# No-IP.com Router



## nodoubt (27. April 2004)

Hallo, 

Ich habe ein großes Problem:

Ich möchte gerne über das Internet meinen PC erreichen. Ich habe dann von No-IP.com gehört. Habe mich dort angemeldet usw. Das funktioniert meiner Meinung nach auch. Ich habe auch Apache installiert, um zu schauen ob es auch wirklich geht.
*Es funktioniert aber nicht.* 
Ich bin dann drauf gekommen, dass es am Router (Allied Telesyn AT-AR220E) liegen könnte. Ich habe jetzt lange gesucht was ich machen muss, dass es auch mit Routerbetrieb geht. Ich finde nichts! 

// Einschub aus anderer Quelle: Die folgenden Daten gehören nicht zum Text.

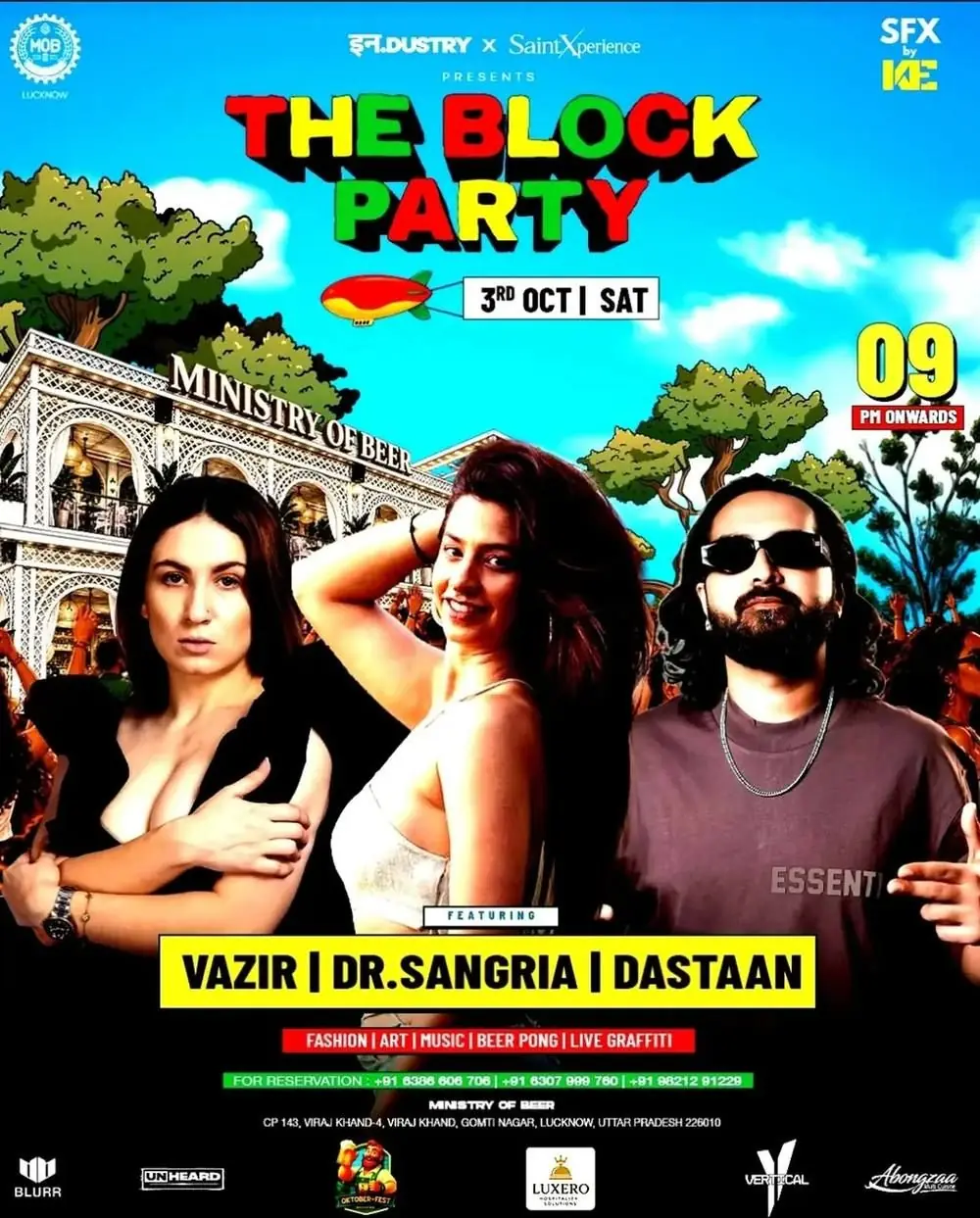 The Block Party poster at Ministry of Beer Lucknow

Kann mir bitte jemand helfen?


----------



## Helmut Klein (28. April 2004)

Wenn du deinen Apache von außerhalb erreichen willst, dann musst du Port 80 auf deinen PC weiterleiten.
Das stellst du alles im Konfigurationszentrum vom Router ein.


----------



## nodoubt (28. April 2004)

ok, es geht jetzt.

Der Fehler war, dass wenn ich es von meinem PC aus anschaue, nur kommt: Die Seite kann nicht gefunden werden." - Schlechter Router, ich weiß 

Thx für die Hilfe.


----------



## Stibie (29. April 2004)

Jaein...dein Router ist schon okay...nur du kannst deinen Apachen nicht von dem PC erreichen, auf dem er läuft!


----------



## Tim C. (29. April 2004)

> _Original geschrieben von Stibie _
> *Jaein...dein Router ist schon okay...nur du kannst deinen Apachen nicht von dem PC erreichen, auf dem er läuft! *


Hilfe, meine Nackenhaare tanzen Samba ... 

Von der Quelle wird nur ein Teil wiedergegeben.